Zünftig sehen’s aus, die Burschen, wie sie da oben so auf dem Tanzboden stehen und rhythmisch ihre Goaßln schnalzen. Ein scharfes Peng, Peng…, Peng, Peng, und noch einmal Peng, Peng hallte durch die Nacht. Trocken und hart knallte es, wenn die Burschen mit geübter Hand ganz abrupt den Schwung ihrer Peitschen in der Luft stoppten.

Niemanden lässt das kalt. Jeder bekommt eine Gänsehaut dabei und bei so manchem schimmert auch eine verborgene Träne im Auge. Ursprünglich war das Goaßlschnalzen ein heidnischer Brauch, der aus dem Salzburgischen und Bayerischen herrührte und auch in Tirol und Südtirol gepflegt wurde. Im Frühjahr sollte mit dem Geknalle die Kälte vertrieben werden.

Aber weil es halt so schön unter die Haut geht, heißt man die Goaßlschnalzer heute gerne bei jeder sich bietenden Gelegenheit willkommen. So auch am dritten Advent in der kleinen beschaulichen Gemeinde nahe Freilassing an der österreichischen Grenze. Beifall brandete auf als die Burschen nach der letzten Runde ihre Fuhrmannspeitschen einrollten und sich anschickten, den Tanzboden zu verlassen.

Während vorne bei den Buden um den Tanzboden bereits eifrig dem Bier und auch dem Schnapps zugesprochen wurde, tummelte sich weiter zurück eine Gruppe nicht näher identifizierbarer Personen. Immer neue Gesichter stießen hinzu und so waren es schon sehr bald an die fünfzig oder sechzig Leute und, wie es schien, sollten es ihrer noch mehr werden.
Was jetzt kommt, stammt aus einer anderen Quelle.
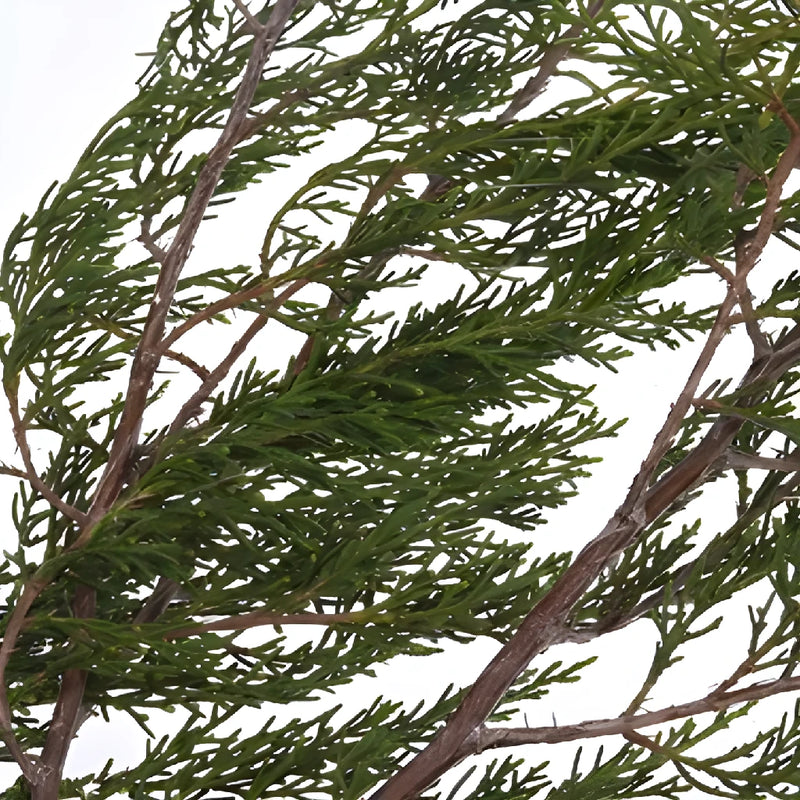 Southern Red Cedar Winter Greenery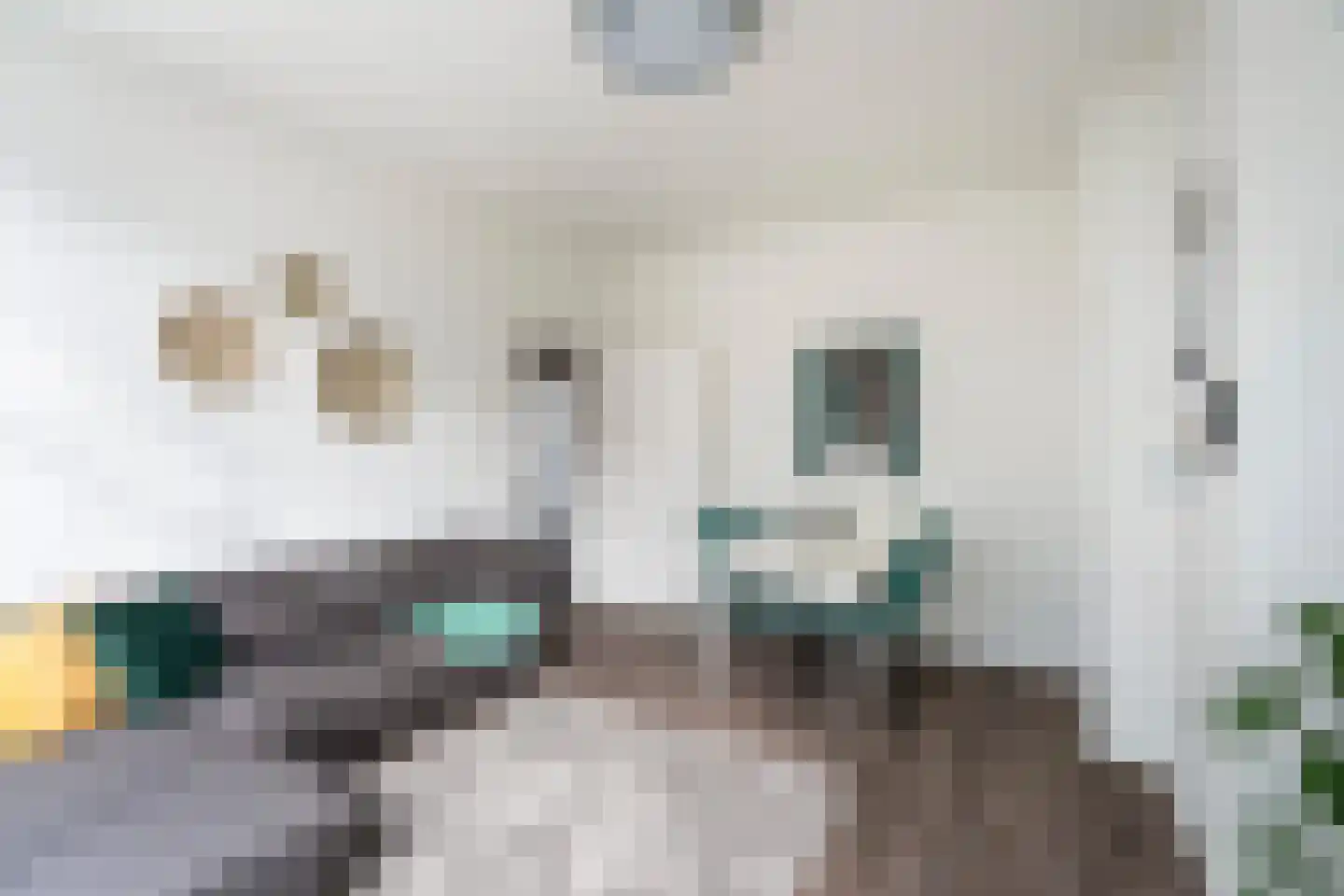 Spaarbankstraat 49 Rotterdam thumbnail 9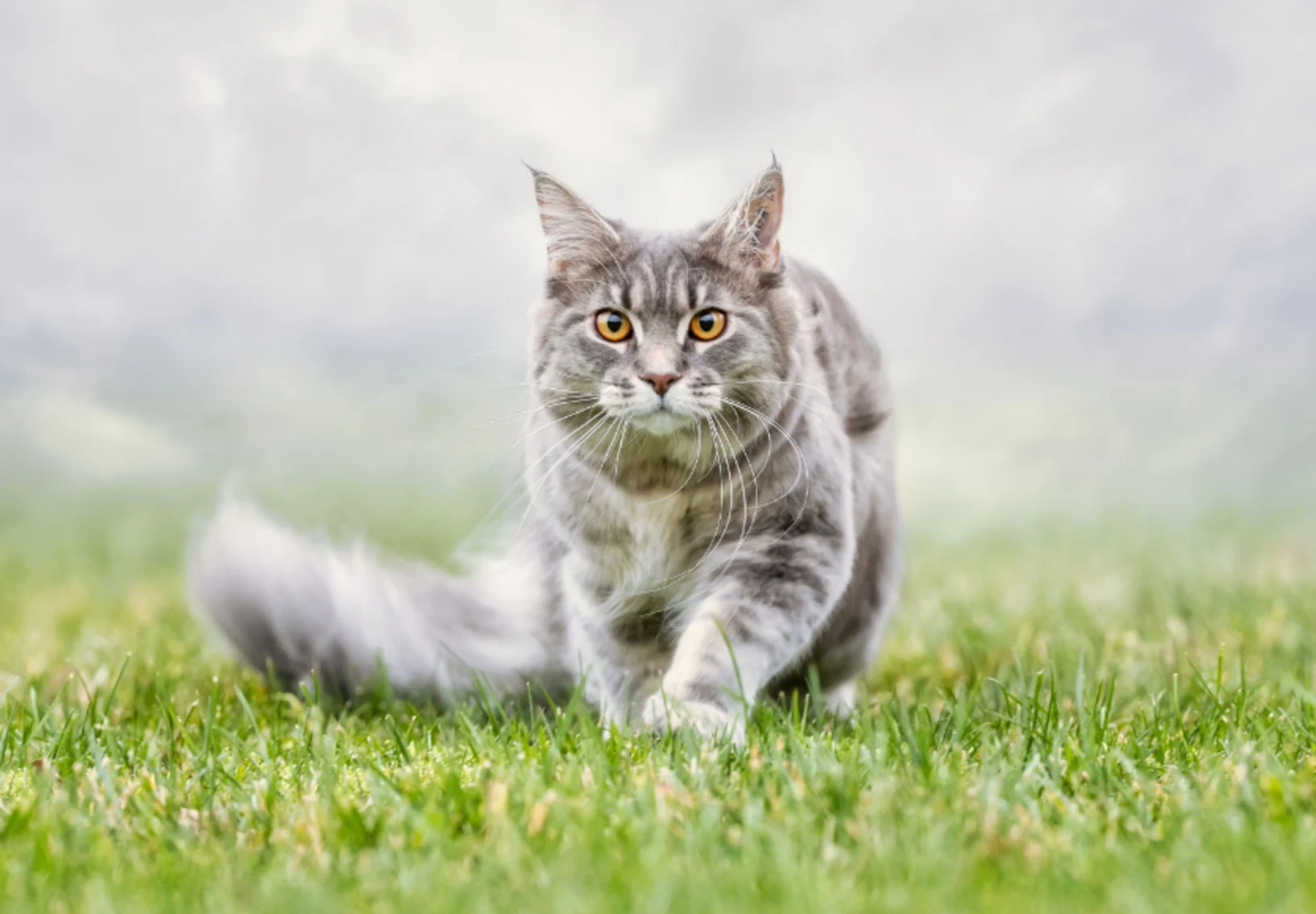 Gray Cat Walking Through Grass & Fog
Neugierig schauten sie auf das entfernte Treiben an den Buden, schüttelten den Kopf und tuschelten leise, gerade so, als wollten sie vermeiden, erkannt zu werden.

Als die Goaßlschnalzer gerade in einen bereitgestellten Bus stiegen, um zur nächsten Veranstaltung zu eilen, machten sich ein paar Männer die Dunkelheit zunutze, zogen ihre beitkrempigen Hüte tief in die Stirn und verschwanden in einer Seitengasse neben dem Sternbräu.

Zur gleichen Zeit verließ der Pfarrer die Kirche, um sich dem lustigen Hin und Her bei den Buden anzuschließen. Da sah er sie. Aus den Augenwinkeln zunächst – dann erfasste er sie genauer. Mist!, entrang sich ein Stoßseufzer seinen Lippen. Die Haberlander Brüder mit Gefolge! Das bedeutete nichts Gutes.

Die Schar der Neugierigen war mittlerweile doch beträchtlich angewachsen. Jetzt waren auch einige Frauen unter ihnen. Fremdländisch irgendwie. Manche trugen eine Art Schleier vor dem Gesicht, andere waren mit Kopftüchern bedeckt und nur ganz wenige sahen aus, wie auch die Frauen bei uns aussehen. Hätte eine Fremder genau hingehört, so hätte er Sprachfetzen vernommen, die ihm gänzlich unbekannt waren. Aber noch war niemand vor Ort, der die Ansammlung hätte sehen oder gar verstehen können.

Die Haberlander Brüder und ihr Anhang, es waren mittlerweile so an die 15 Männer und ein paar weitere kamen noch hinzu, hielten hinter dem Bären so etwas wie einen Kriegsrat, bis der ältere Haberlander Bruder den Anwesenden plötzlich irgendwelche Anweisungen oder Befehle erteilte und die Gruppe sich sehr schnell auflöste, als hätte es sie nie gegeben.

Der Pfarrer eilte besorgt zu den Leuten bei den Buden, schnappte sich im Vorbeigehen ein paar schon sichtlich beschwingte Burschen und bedeutete ihnen, ihm zu folgen.

Der Bus mit den Goaßlschnalzern war längst abgefahren und die Menschen gaben sich ausgiebig anderen Freuden hin. Wie bei all solchen Ereignissen waren die Imbiss- und Getränkebuden dicht umlagert, während es bei den Vertretern des Kunsthandwerks eher sehr beschaulich zuging.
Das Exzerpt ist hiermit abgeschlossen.